Q: At present, enterprises from many countries have expected good investment returns in China, and the country has been among the world's best in attracting foreign investment. Why are these foreign enterprises so willing to invest in China? What has China done in terms of improving the investment environment?
A: Recently, as the world economy remains in the doldrums and there exists a substantial decrease in transnational investment, China has indeed become one of the most attractive countries for foreign direct investment (FDI), leading the developing countries and regions in the actual use of foreign capital in the past decade. In 2002, China absorbed the most FDI in the world, outpacing the United States for the first time. Statistics show that since the implementation of reforms and the open policy China has absorbed a total of US$560 billion of foreign capital and attracted more than 250,000 foreign enterprises to invest in China.
The prime reason for China becoming the priority for foreign investors is that the country provides them with a sound environment for investment, production and operation.
Firstly, since China implemented of reforms and the open policy in 1978, its national economy has maintained a high development speed with an average annual growth rate of 9 percent, coming out on top of the world.
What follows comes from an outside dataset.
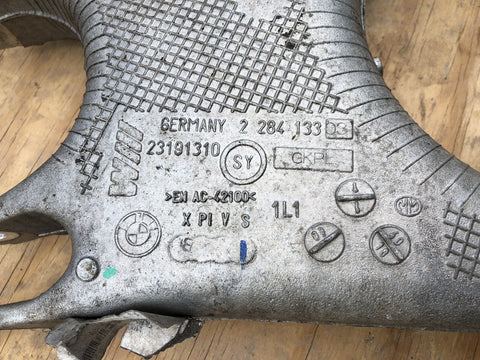 BMW F10 F12 F13 2011-2016 M5 M6 Rear axle suspension left swing part arm 2284133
Meanwhile, as China's economy is becoming more open to the outside world, its production costs including labor, raw materials and services remain very competitive in the international market. The sound macro-economic environment has displayed a tremendous potential for growth and provided favorable conditions for foreign investment.
Secondly, China is a vast country with abundant agricultural and natural resources, an advantage for China to attract resource-seeking foreign investment and a firm support to foreign investment in the manufacturing and service industries. Besides, China has greatly improved its infrastructure facilities, such as transport, telecommunications and water and power supplies and increased supply ability and capacity of energy, raw materials and spare parts.
Thirdly, China has established a preliminary market economy framework. Laws and regulations have been updated; the labor force is abundant with ever-improving quality. The policies that encourage foreign investment have gradually measured up to international standards, providing an easy social and legal environment for foreign investment.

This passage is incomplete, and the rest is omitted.